ABOUT THIS EXERCISE:
Could you repeat the entries below exactly, but only from the line with "Barbecue portable au" through the line with "Real Wood Floor", and without any picture?

SOURCE RECORDS:
....................

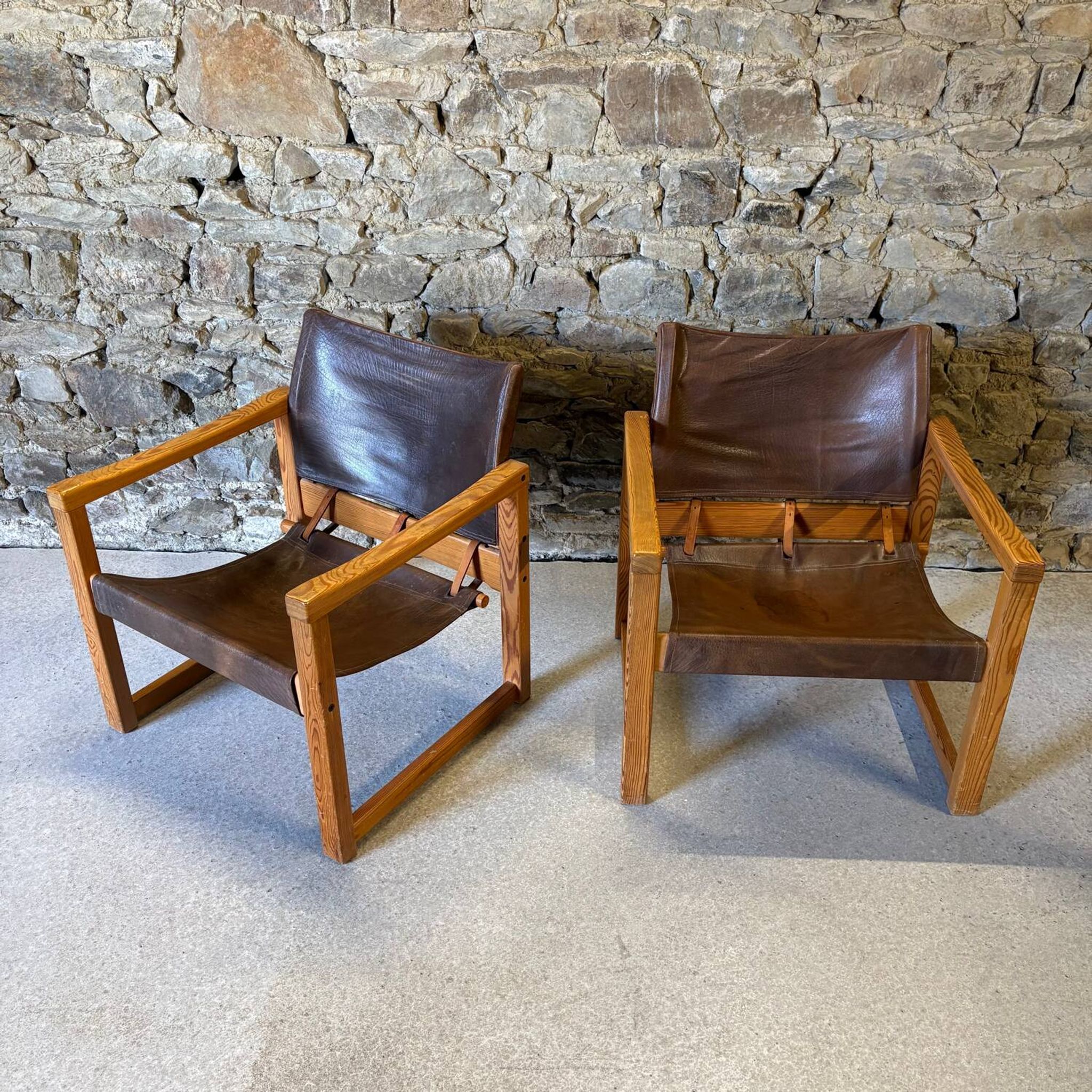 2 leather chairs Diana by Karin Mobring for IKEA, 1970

....................

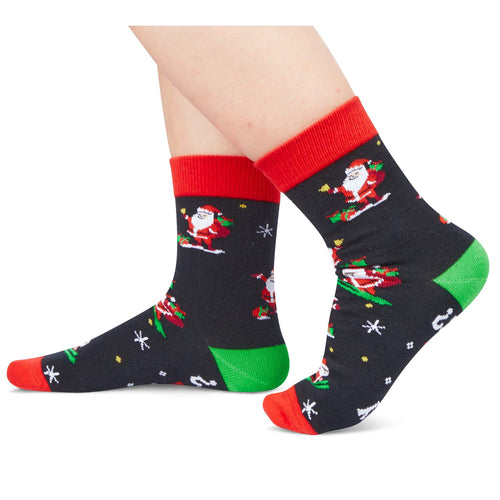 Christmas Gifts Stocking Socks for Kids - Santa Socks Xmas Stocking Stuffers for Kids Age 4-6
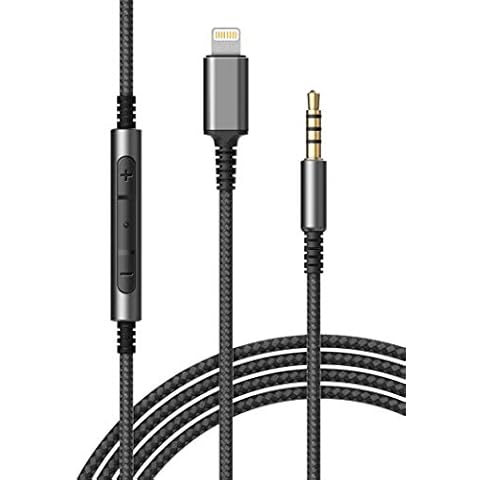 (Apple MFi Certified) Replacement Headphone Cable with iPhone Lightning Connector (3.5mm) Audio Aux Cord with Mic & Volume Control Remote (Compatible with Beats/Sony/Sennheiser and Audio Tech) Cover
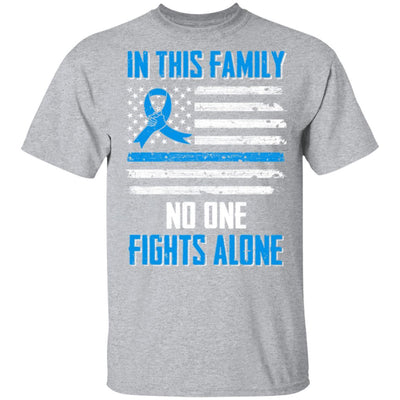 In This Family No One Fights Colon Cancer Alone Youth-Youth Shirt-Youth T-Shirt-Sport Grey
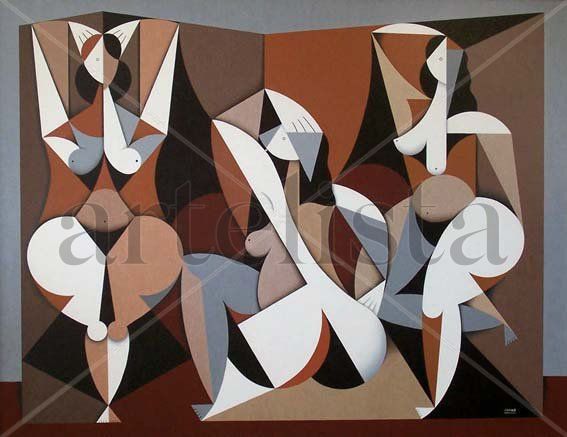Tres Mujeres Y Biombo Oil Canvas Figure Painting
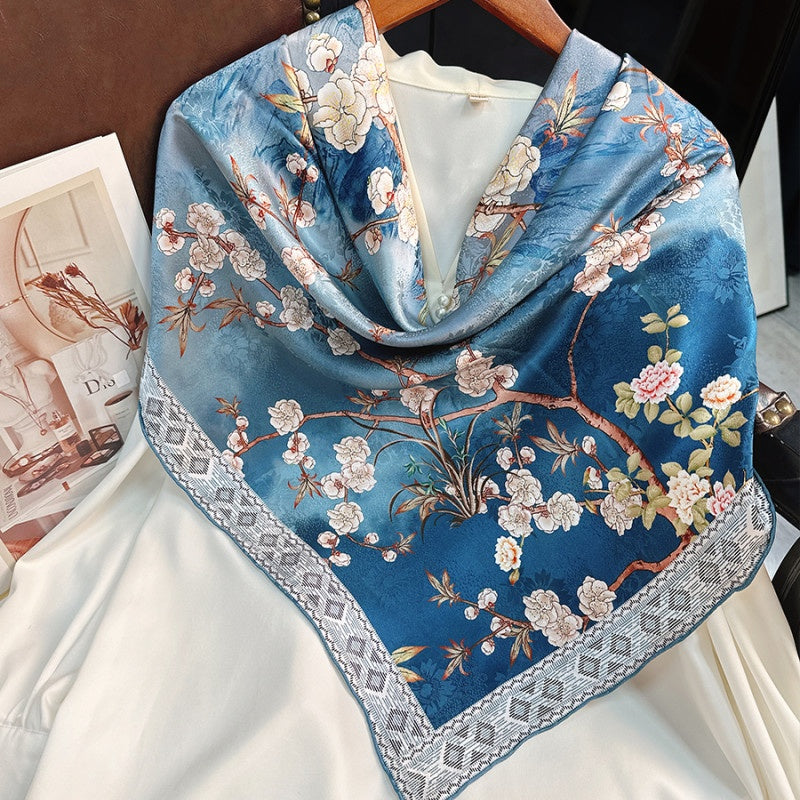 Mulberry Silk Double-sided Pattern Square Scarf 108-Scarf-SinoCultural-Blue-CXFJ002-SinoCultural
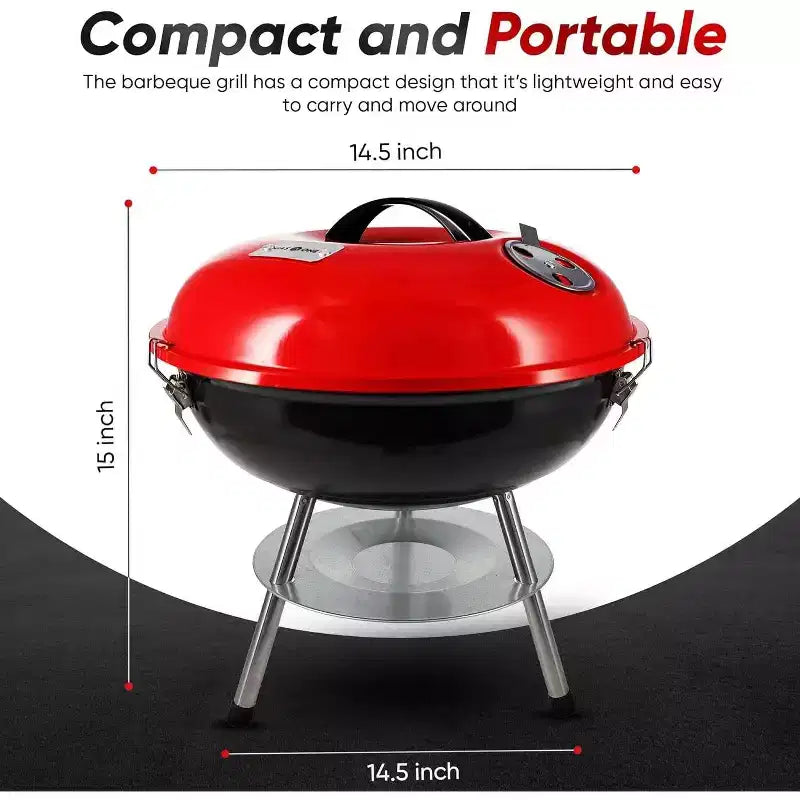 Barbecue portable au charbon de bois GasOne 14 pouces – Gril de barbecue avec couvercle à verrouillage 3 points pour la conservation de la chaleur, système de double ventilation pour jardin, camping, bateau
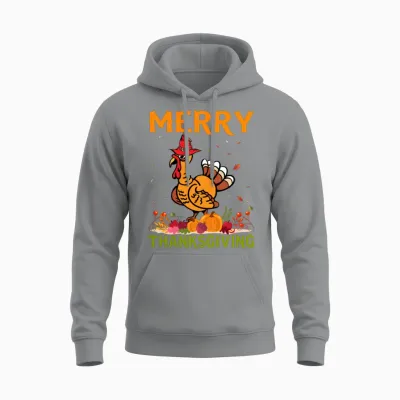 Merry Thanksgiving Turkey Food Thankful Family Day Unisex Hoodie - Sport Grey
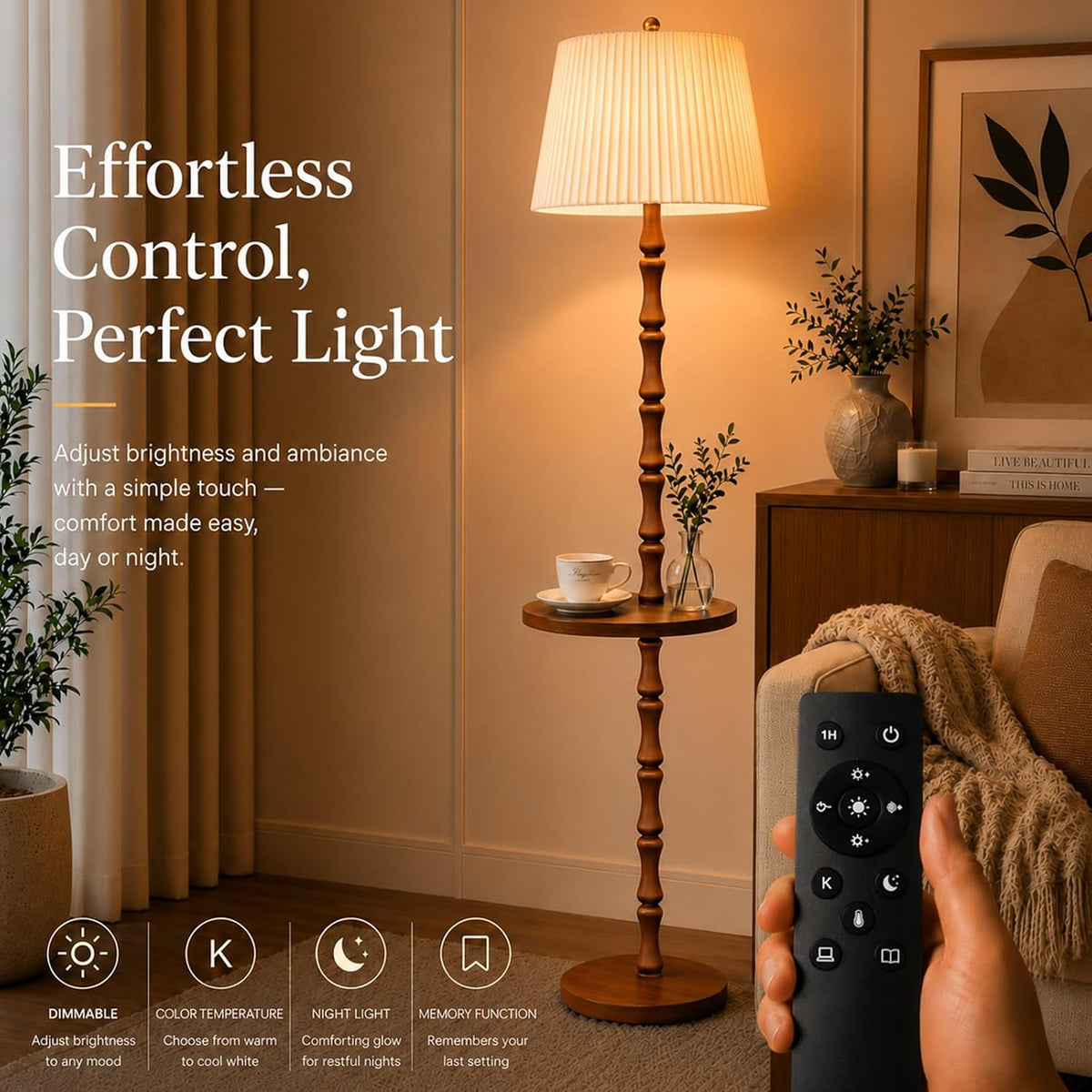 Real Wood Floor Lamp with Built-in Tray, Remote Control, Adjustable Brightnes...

....................

ANSWER TO THIS EXERCISE:
 Barbecue portable au charbon de bois GasOne 14 pouces – Gril de barbecue avec couvercle à verrouillage 3 points pour la conservation de la chaleur, système de double ventilation pour jardin, camping, bateau
 Merry Thanksgiving Turkey Food Thankful Family Day Unisex Hoodie - Sport Grey
 Real Wood Floor Lamp with Built-in Tray, Remote Control, Adjustable Brightnes...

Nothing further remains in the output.